Even with scheduled extra-inning play, today’s games seemed a little less action-packed than yesterday. And, although we dodged the rain, it was 90 degrees with 50 percent humidity, so everyone was still soaking wet. Like I mentioned yesterday, the games got moved up to 9 a.m. and were scheduled to be 11-inning affairs, but the first game was only 10 innings for some reason.
Consolation Game: West 4, North 3
The North team got out to an early 3-0 lead with a second-inning rally and held it for a few innings, but the West battled back in the fifth. After grounding out in his first at-bat, Bobby Borchering walked in his second at-bat. He moved over to second when Michael Zunino singled after him and then scored the West’s first run on a single by Jacob Schrader. A few batters later, Spencer Wilson drew a bases-loaded walk to cut the lead to one and then center fielder David Richardson beat out an infield single, which scored the tying run and kept the bases loaded. An errant throw back to the pitcher brought another run home and gave the West a 4-3 lead that would hold for the remainder of the game.
"It was pretty nice," West shortstop Scooter Gennett said after the game. "The win was good. It came off a tough loss last night, but it was a pleasure to play with all the talent in Florida. It was great to be a part of it."
The play of the game happened in the sixth inning when Zunino smoked a one-hopper to third base. The ball was scorched and third baseman Michael Revell of Florida High in Tallahassee didn’t have time to get his glove over, so he put his bare hand up to snare the ball and, in one fluid motion, threw across the diamond to get Zunino at first.

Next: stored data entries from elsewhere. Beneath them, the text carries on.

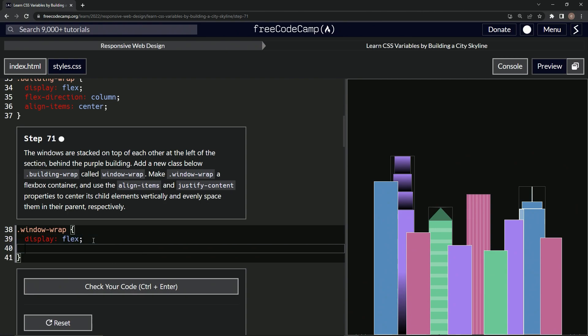All right, so now we're going to do the align items to center thing. We'll say align hyphen items and it'll be center. All right.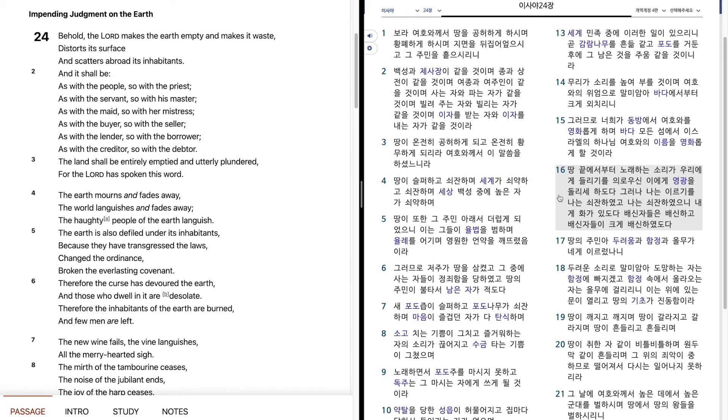내게 화가 있도다. 배신자들은 배신하고, 배신자들이 크게 배신하였도다. 땅의 주민아, 두려움과 함정과 올무가 네게 이르렀나니,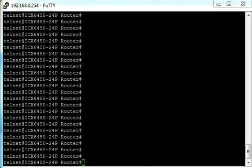In this section we're going to hard set the speed and duplex on an ethernet port on a Brocade ICX6450 switch. So here you can see the switch.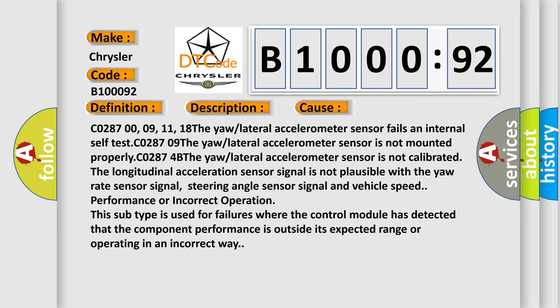The longitudinal acceleration sensor signal is not plausible with the yaw rate sensor signal, steering angle sensor signal, and vehicle speed. Performance or incorrect operation: This subtype is used for failures where the control module has detected that the component performance is outside its expected range or operating in an incorrect way.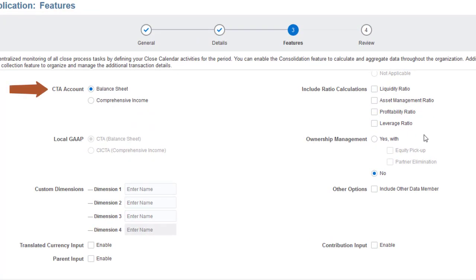For multi-currency applications, you can place the Cumulative Translation Adjustment account under the Balance Sheet or under Comprehensive Income. Balance Sheet is typical for US GAAP and Comprehensive Income for IFRS.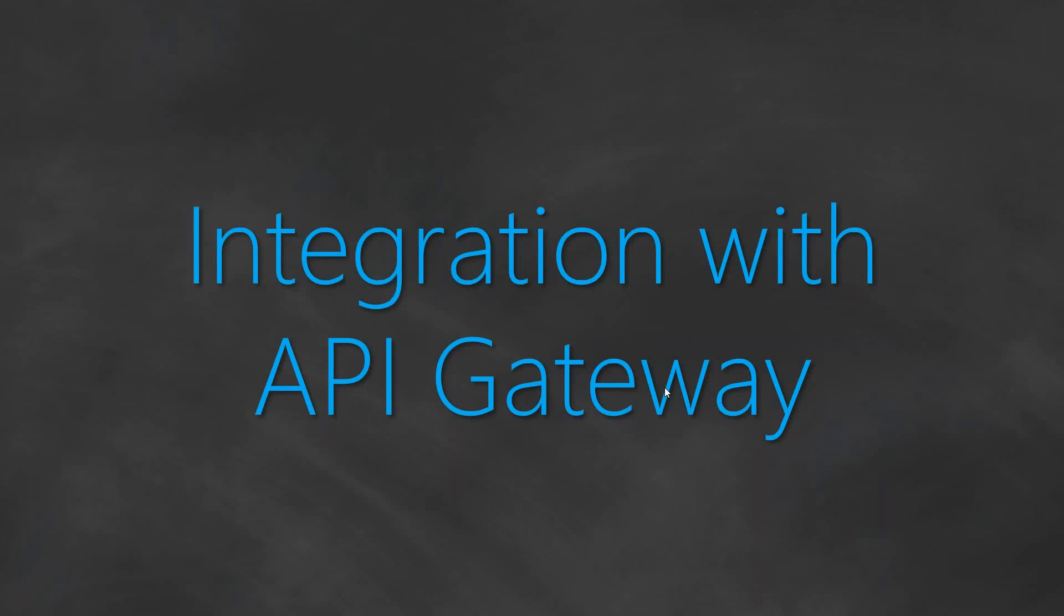In today's video, you are going to see how to integrate your Lambda functions to an API gateway. Why do we want to do that?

"It was just reaction," Revell said. "I didn’t have any time to throw my glove over there, so it was just a crazy play."
Most Valuable Player awards were handed out to one player from each team after the game. Mosely High righthander David Trexler received the honor for the North team after throwing two perfect innings to start the game. The West’s award went to Bobby Borchering, who put on the most impressive offensive performance of the weekend.
Championship Game: East 10, South 0
As you can see, this was more one-sided and it was pretty much The Nick Franklin Show. In his first at-bat, Franklin walked. He tried to steal second twice, but had to return to first both times after balls were fouled off. In his third try, he was gunned down by Steve Baron, but that would be the last out Franklin made until the last inning when he smoked a ball to center field that center fielder Darnell Sweeney busted in on and caught at his shoelaces.
Between those two outs, Franklin went 3-for-4 with two singles, a double and another walk. With his short, compact swing, he’s able to get the barrel on the ball and he hit everything hard. His double in the ninth inning was a line drive down the right-field line that was one of the most well-struck balls this side of Borchering’s home run the previous day. It could have been a triple if there wasn’t a runner in front of him that was held up from scoring another run.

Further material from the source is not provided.